European Study of Prostate Cancer Screening — 23-Year Follow-up
below is an excerpt from a study by The New England Journal of Medicine. See the full study here.
BACKGROUND
The European Randomized Study of Screening for Prostate Cancer (ERSPC) was initi-ated in 1993 to assess the effect of prostate-specific antigen (PSA) testing on prostate cancer mortality. Because deaths from prostate cancer are expected to rise worldwide owing to increased life expectancy and population growth, a final analysis of the long-term outcomes of prostate cancer screening is essential to understanding the benefits and harms of PSA testing.
METHODS
We updated the findings from ERSPC, a multicenter, randomized study conducted across eight European countries with a focus on a predefined core age group of 162,236 men who were 55 to 69 years of age at the time of randomization. Participants were randomly assigned to the screening group and offered repeated PSA testing or to the control group and not invited for screening. The primary outcome was prostate cancer mortality.
RESULTS
After a median follow-up of 23 years, prostate cancer mortality was 13% lower in the screening group (rate ratio, 0.87; 95% confidence interval [CI], 0.80 to 0.95), and the absolute risk reduction was 0.22% (95% CI, 0.10 to 0.34). The cumulative incidence of prostate cancer was higher in the screening group than in the control group (rate ratio, 1.30; 95% CI, 1.26 to 1.33).
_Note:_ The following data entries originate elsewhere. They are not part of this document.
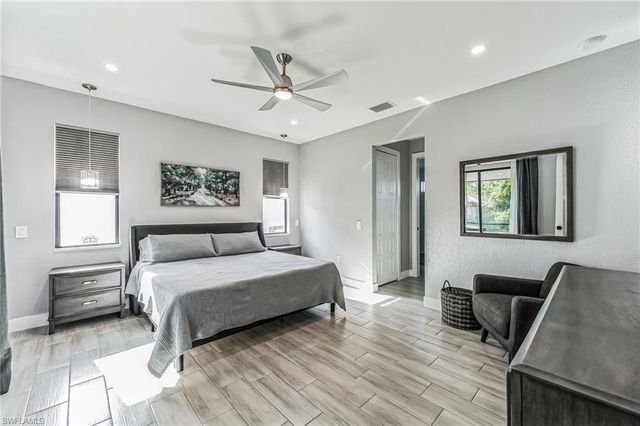 4618 Catalina LN, Bonita Springs, FL 34134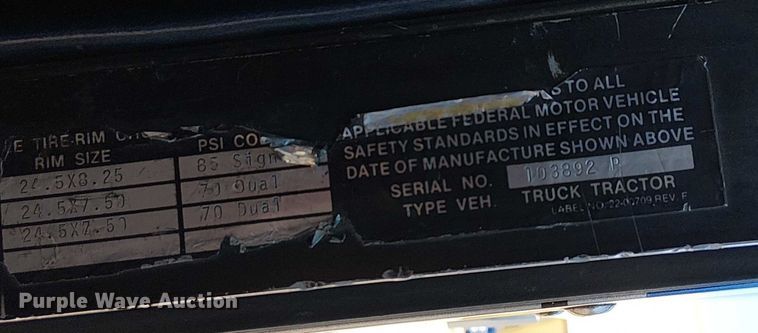 image for item FK0814 1978 Peterbilt 352-M semi truck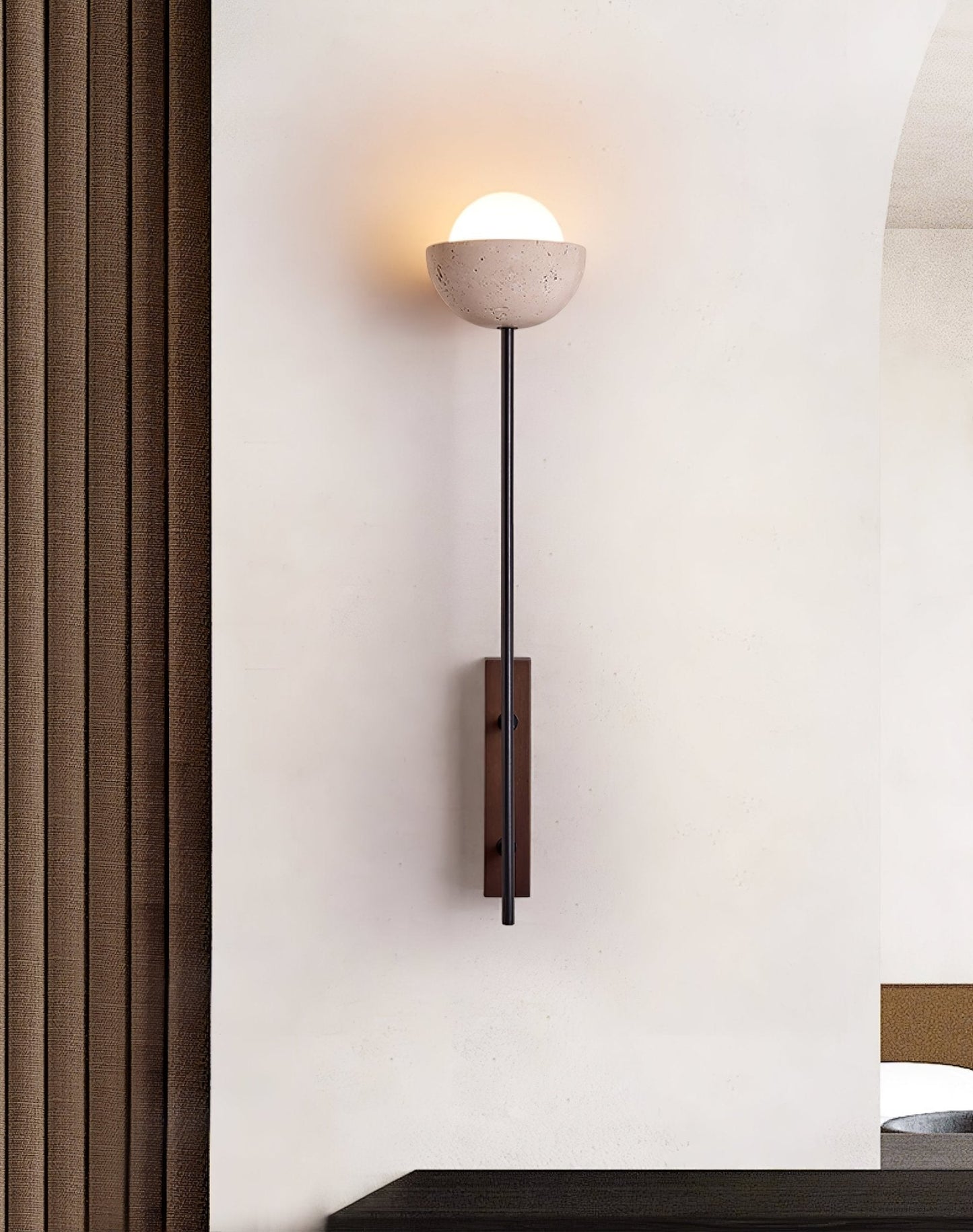 Solstice Linea Wall Lamp - YIOSI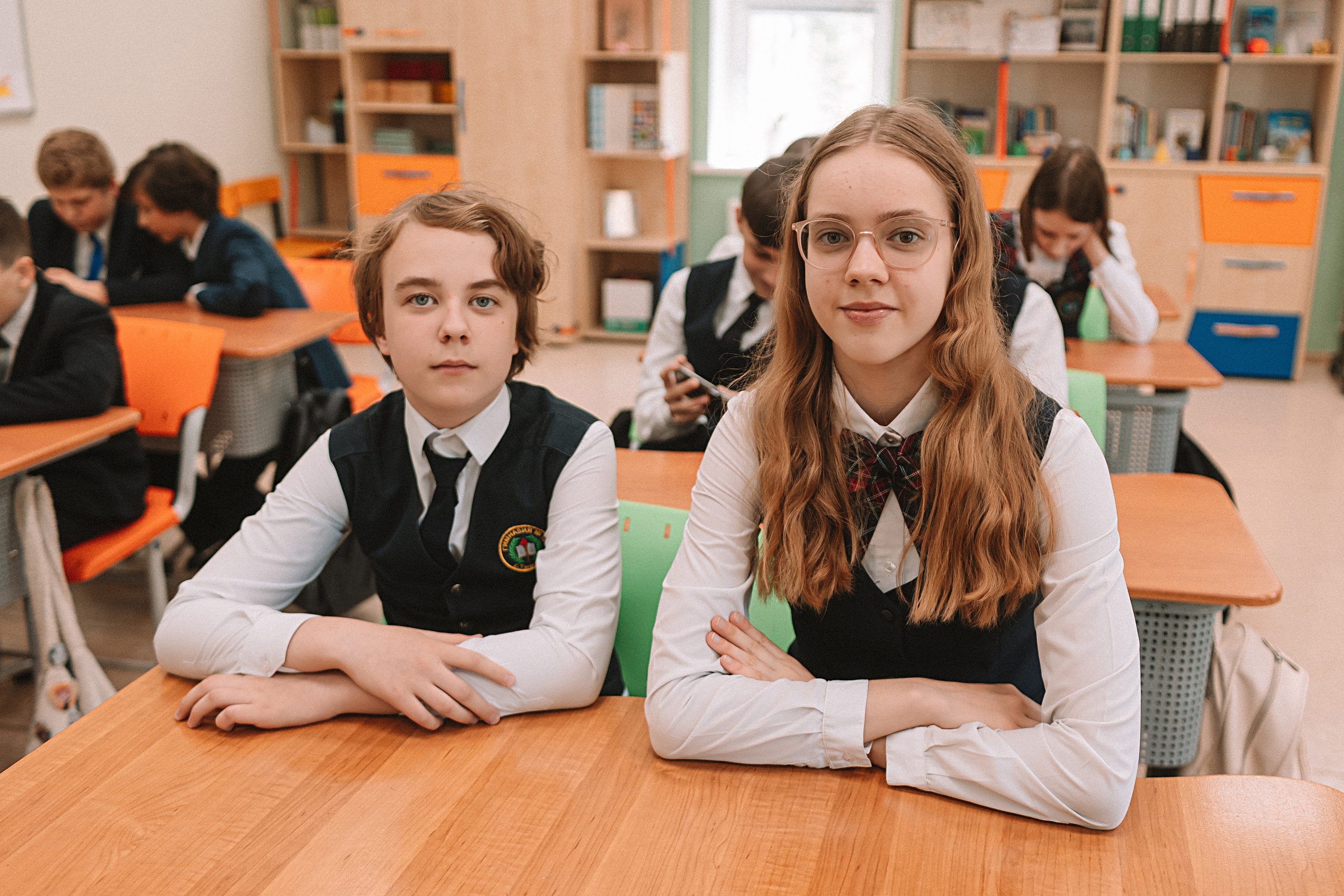 7 класс в кабинете. Семейный фотограф Тюмень, фотограф на роды Салмина Мария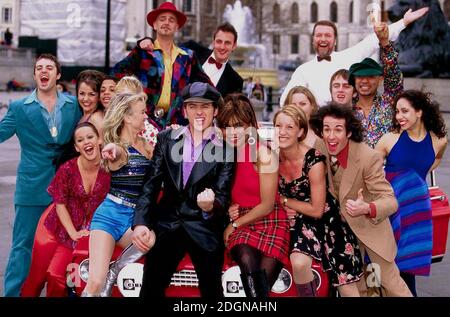 Shane Richie und Lisa Mazwell bei einem Fotoanruf für Boogie Nights das Musical, halbe Länge, Hut, Gruppenaufnahme. Â©Doug Peters/allaction.co.uk Stockfoto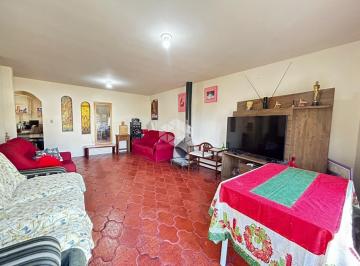 Casa · 206m² · 4 Quartos · 2 Vagas · Casa para vender com 4 quartos, 1 suíte, 3 banheiros e pátio | Vila Ipiranga, Porto Alegre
At a median of 23 years of follow-up, one death from prostate cancer was prevented for every 456 men (95% CI, 306 to 943) who were invited for screening, and one death from prostate cancer was averted for every 12 men (95% CI, 8 to 26) in whom prostate cancer was diagnosed, as compared with one death from prostate cancer prevented for every 628 men (95% CI, 419 to 1481) and one death averted for every 18 men (95% CI, 12 to 45) at 16 years of follow-up.
CONCLUSIONS
Long-term follow-up confirms a sustained reduction in deaths from prostate can-cer with PSA testing, alongside an improved harm–benefit ratio. Future screening strategies should adopt risk-based approaches to minimize overdiagnosis while maintaining clinical benefits. (Funded by the Dutch Cancer Society and others; ERSPC ISRCTN registry number, ISRCTN49127736.)